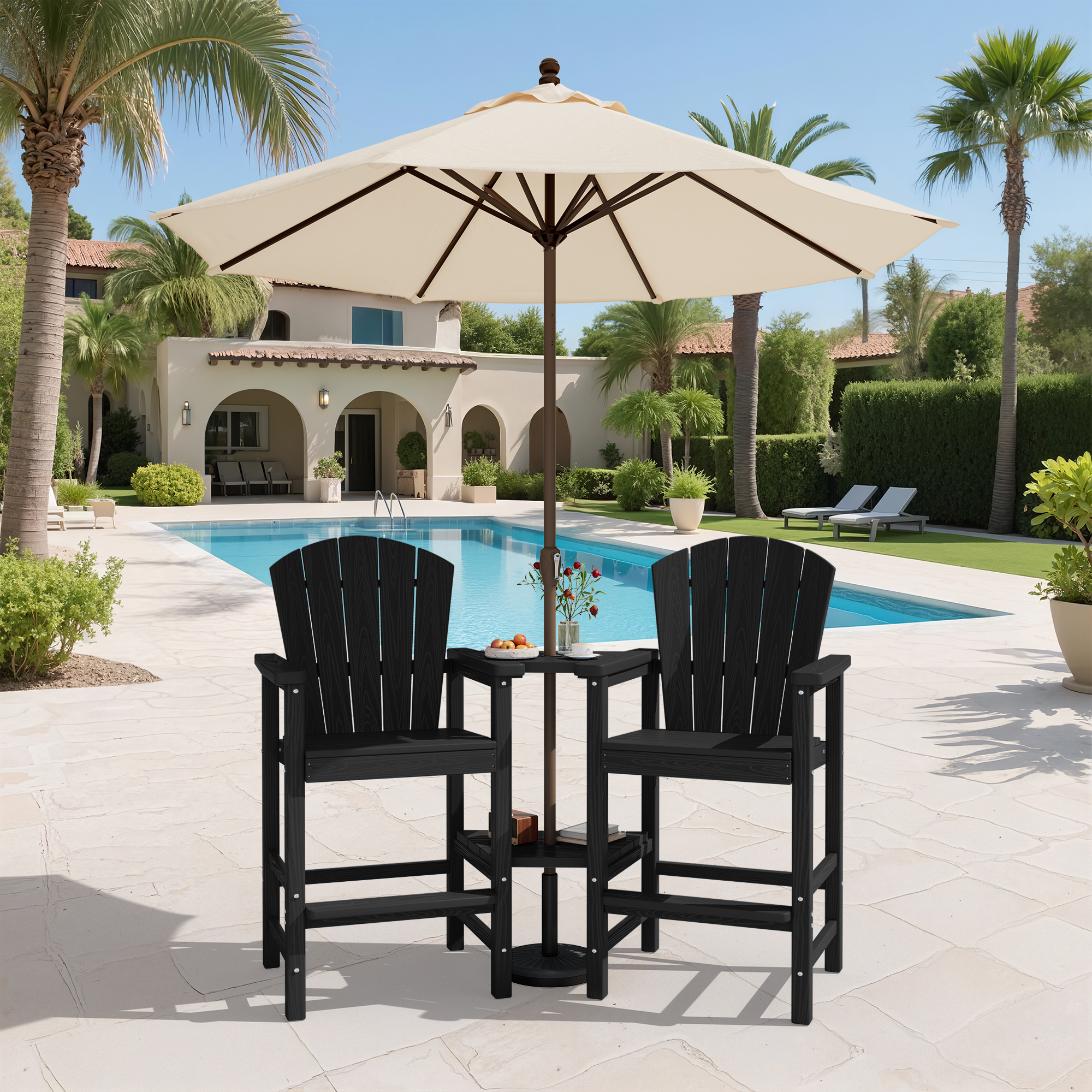 Serwall Tall Adirondack Chairs Set of 2, Black photo 8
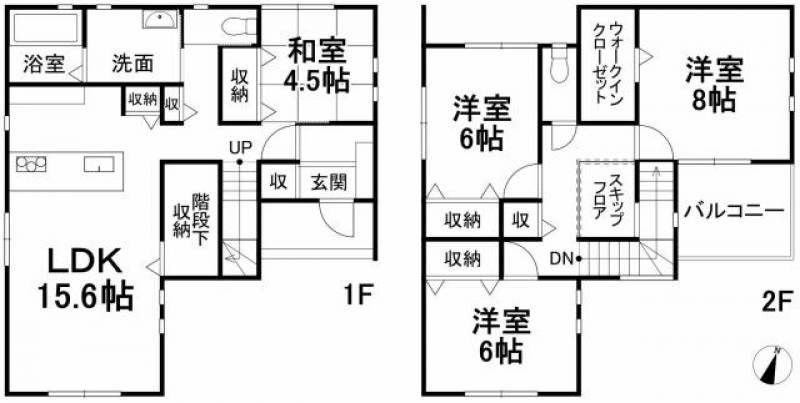 松山市北斎院町 一戸建 の間取り画像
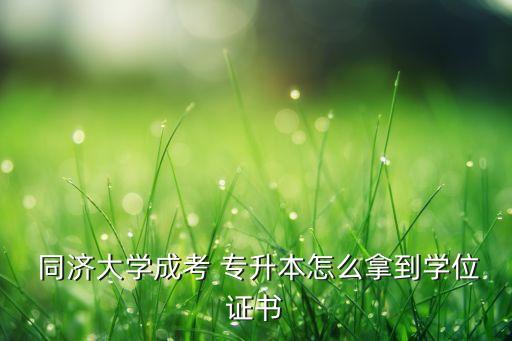  同濟(jì)大學(xué)成考 專(zhuān)升本怎么拿到學(xué)位證書(shū)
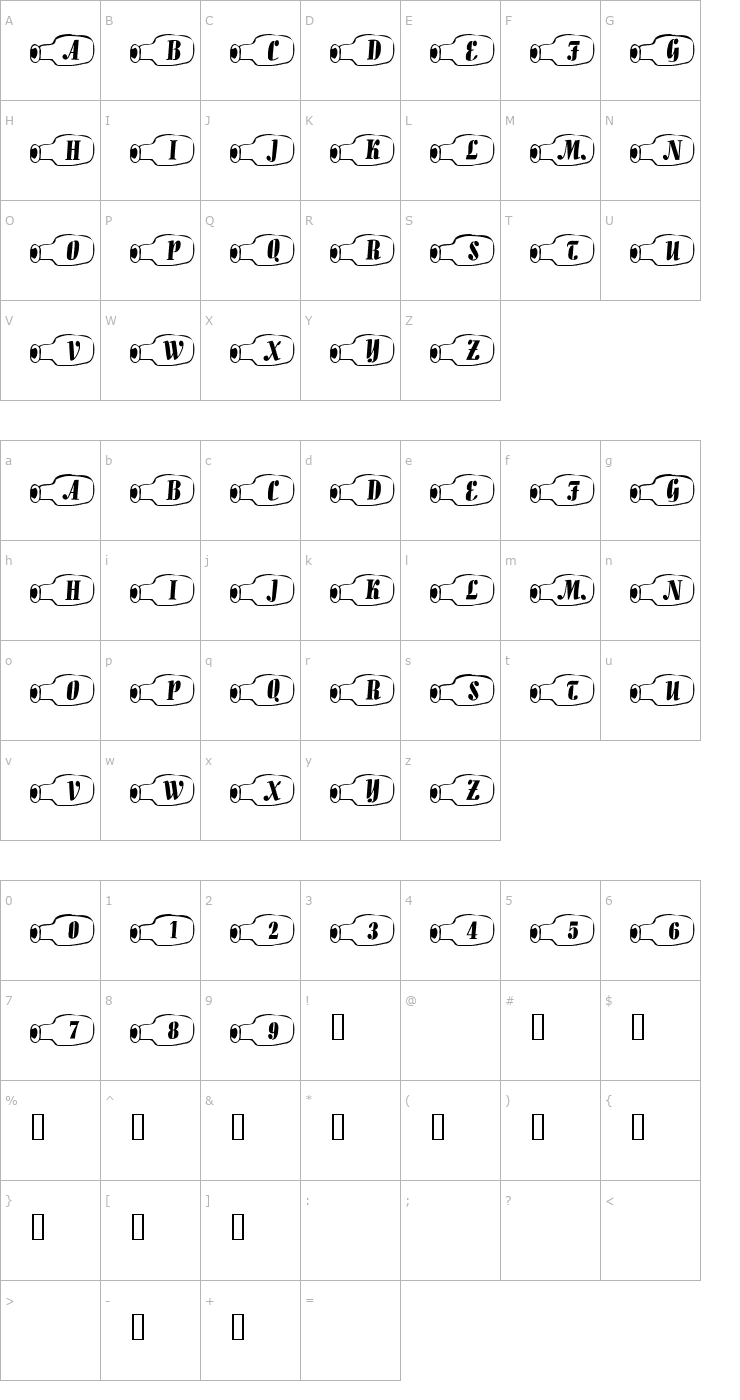 Character Map 101! Message in a Bottle Font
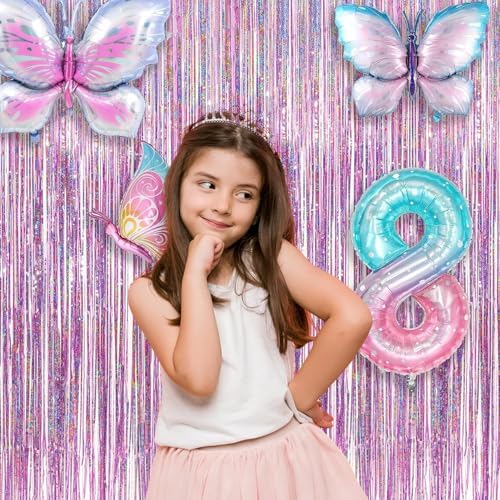 Pink Tinsel Curtain Party Backdrop - GREATRIL Foil Fringe Curtain Lilac Pink Party Streamers for Princess Theme Party Decorations - 2 Packs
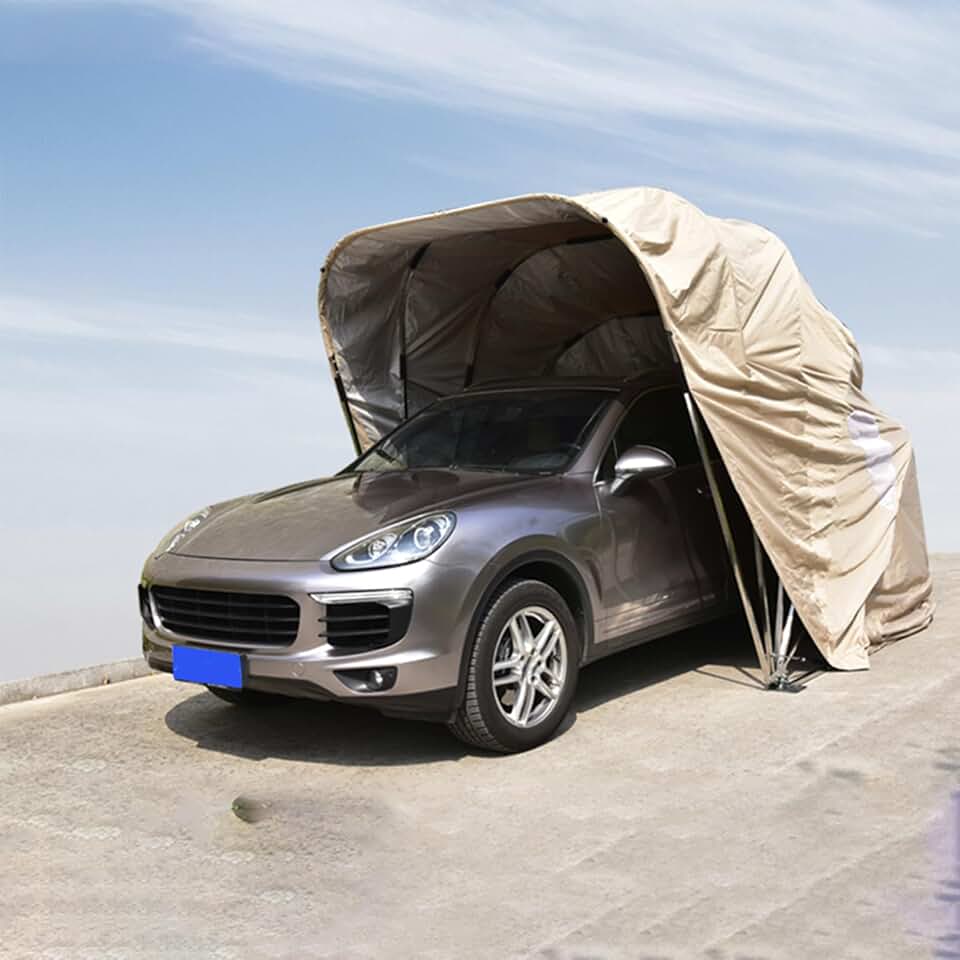Portable Carport for Cars, SUVs and Motorcycles, Oxford Cloth and Galvanized Frame, 179 x 98 x 91 Inches, 81.6 kg, Fully Automatic Telescopic Shelter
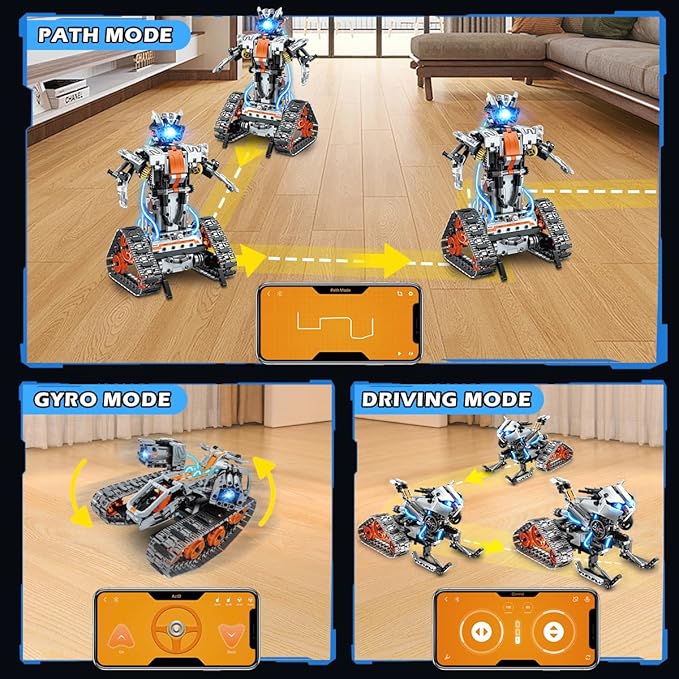 5-in-1 Building Toys with LED Light, APP & Remote Control Building Block Set, 604 PCS RC Tech Rechargeable Tank Robot Sleigh Tracked Racer Toy, Gift for Kids Boys Girls Ages 6 7 8 9 10 11 12+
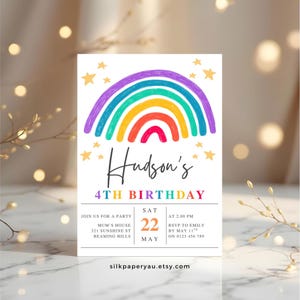 Lebendige Regenbogen-4.Geburtstagseinladung, vierter Geburtstag, helle und fröhliche Party einladen, bunte Spaßparty, Mädchen-Geburtstagsparty SP23
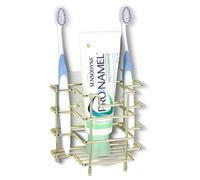 Linkidea Wall Mount/Countertop Toothbrush Holder for Shower, Stainless Steel Toothpaste Stand, 3 Slots Organizer Compatible with Colgate Extra Clean, Oral-B CrossAction (Gold)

TASK DESCRIPTION: What is needed is an exact repeat of the records, with every picture left out.

REPLY:
 Serwall Tall Adirondack Chairs Set of 2, Black photo 8
 松山市北斎院町 一戸建 の間取り画像
  同濟(jì)大學(xué)成考 專(zhuān)升本怎么拿到學(xué)位證書(shū)
 Character Map 101! Message in a Bottle Font
 Pink Tinsel Curtain Party Backdrop - GREATRIL Foil Fringe Curtain Lilac Pink Party Streamers for Princess Theme Party Decorations - 2 Packs
Portable Carport for Cars, SUVs and Motorcycles, Oxford Cloth and Galvanized Frame, 179 x 98 x 91 Inches, 81.6 kg, Fully Automatic Telescopic Shelter
 5-in-1 Building Toys with LED Light, APP & Remote Control Building Block Set, 604 PCS RC Tech Rechargeable Tank Robot Sleigh Tracked Racer Toy, Gift for Kids Boys Girls Ages 6 7 8 9 10 11 12+
 Lebendige Regenbogen-4.Geburtstagseinladung, vierter Geburtstag, helle und fröhliche Party einladen, bunte Spaßparty, Mädchen-Geburtstagsparty SP23
 Linkidea Wall Mount/Countertop Toothbrush Holder for Shower, Stainless Steel Toothpaste Stand, 3 Slots Organizer Compatible with Colgate Extra Clean, Oral-B CrossAction (Gold)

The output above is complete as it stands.